▶ _ABOUT THIS TASK_:
Print the lines below from the line with "Daffodil flowers in bloom, full frame" to the line with "Secret Garden 秘密花园填色本 宅家期间减压必备" exactly, keeping both ends, and print no pictures.

▶ _EXTRACTED INFORMATION_:
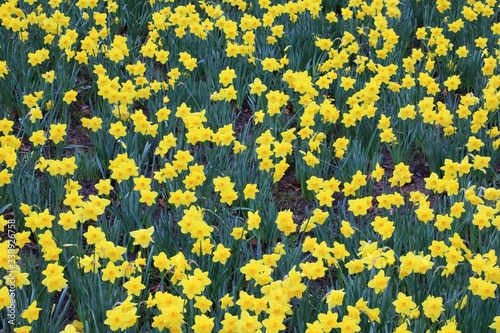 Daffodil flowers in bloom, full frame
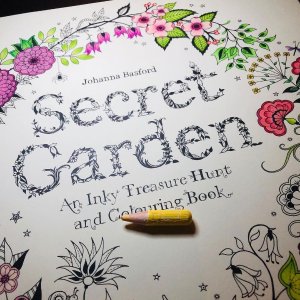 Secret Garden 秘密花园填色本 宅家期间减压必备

* * *

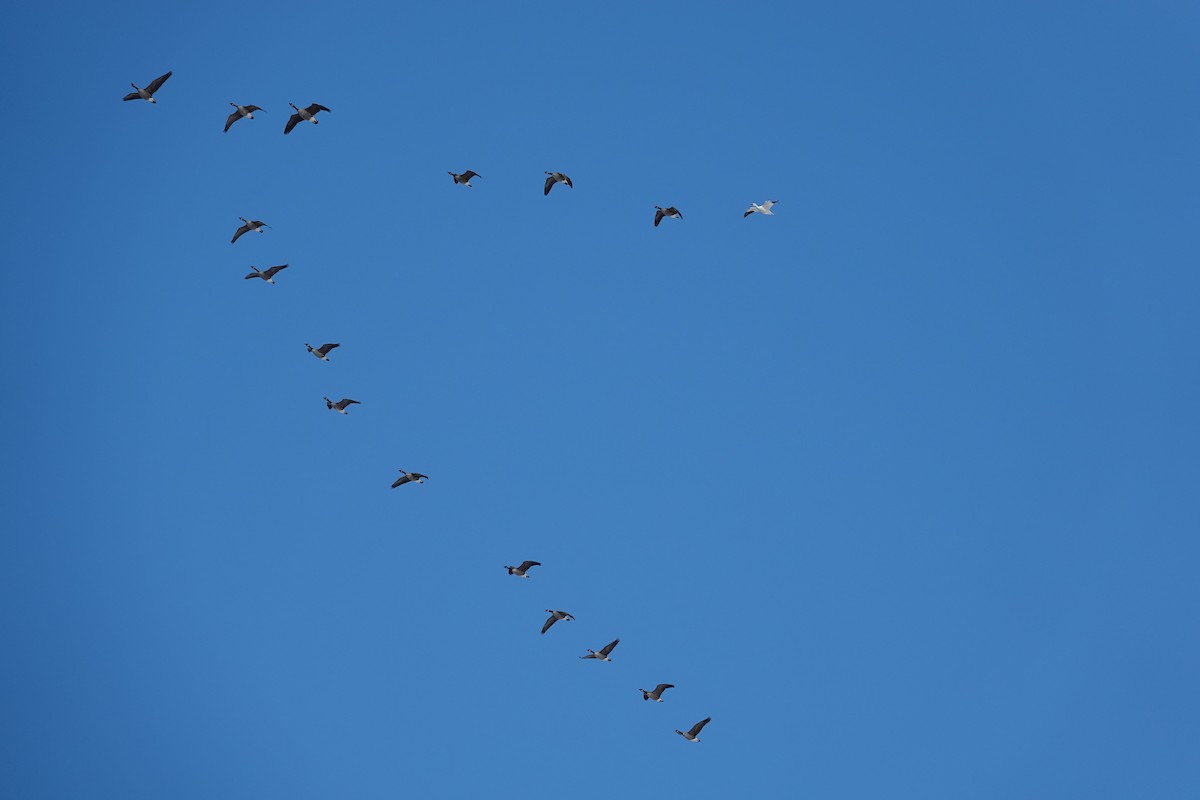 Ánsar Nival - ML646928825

==

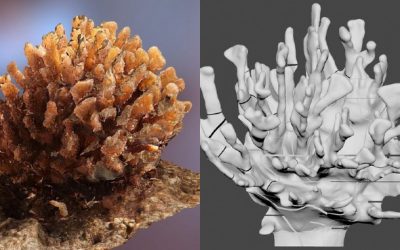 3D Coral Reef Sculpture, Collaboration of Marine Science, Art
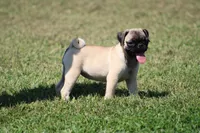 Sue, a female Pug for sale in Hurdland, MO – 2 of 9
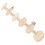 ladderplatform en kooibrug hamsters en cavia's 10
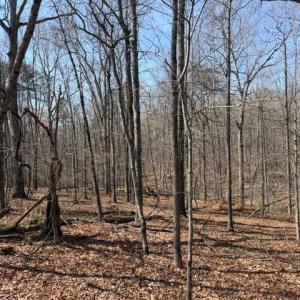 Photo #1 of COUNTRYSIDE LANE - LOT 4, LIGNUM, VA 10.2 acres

▶ _WRITTEN SOLUTION_:
 Daffodil flowers in bloom, full frame
 Secret Garden 秘密花园填色本 宅家期间减压必备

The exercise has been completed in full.